▶ [YOUR INSTRUCTIONS] Among the records below, find the line that has "CTRA Investigator Initiated Study"; from there, give the lines again exactly, and stop after the line that has "Rule 34 | 1girl, absurdres, artist".

** Opening RECORD SET block **

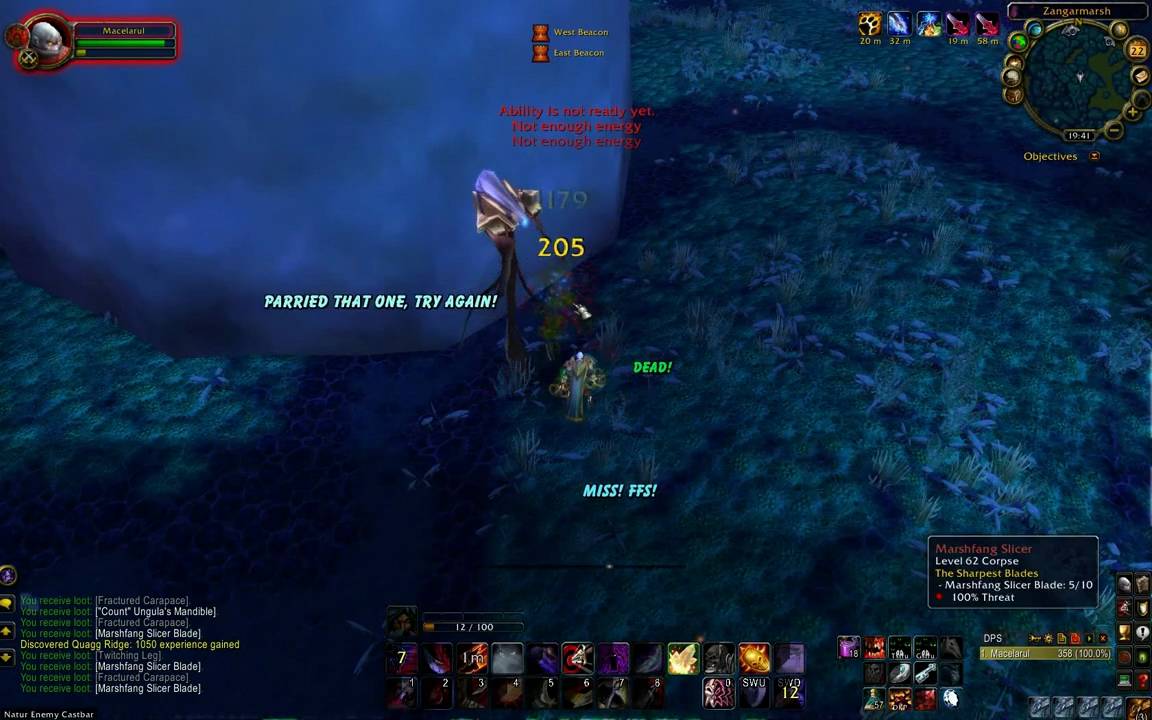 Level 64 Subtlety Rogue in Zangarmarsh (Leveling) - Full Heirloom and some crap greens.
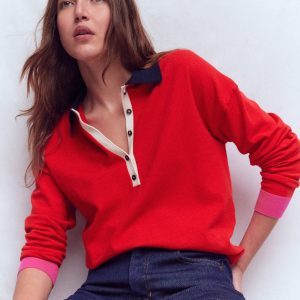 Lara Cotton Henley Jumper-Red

** Closing RECORD SET block **
** Opening RECORD SET block **

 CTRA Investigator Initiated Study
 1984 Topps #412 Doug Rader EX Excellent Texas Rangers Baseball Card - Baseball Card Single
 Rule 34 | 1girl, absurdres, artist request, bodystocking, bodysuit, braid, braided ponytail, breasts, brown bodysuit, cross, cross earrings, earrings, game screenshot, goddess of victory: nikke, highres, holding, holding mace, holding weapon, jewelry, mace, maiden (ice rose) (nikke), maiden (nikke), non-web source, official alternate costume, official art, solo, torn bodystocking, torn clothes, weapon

** Closing RECORD SET block **

▶ [OUTPUT FOR THIS EXERCISE]
 CTRA Investigator Initiated Study
 1984 Topps #412 Doug Rader EX Excellent Texas Rangers Baseball Card - Baseball Card Single
 Rule 34 | 1girl, absurdres, artist request, bodystocking, bodysuit, braid, braided ponytail, breasts, brown bodysuit, cross, cross earrings, earrings, game screenshot, goddess of victory: nikke, highres, holding, holding mace, holding weapon, jewelry, mace, maiden (ice rose) (nikke), maiden (nikke), non-web source, official alternate costume, official art, solo, torn bodystocking, torn clothes, weapon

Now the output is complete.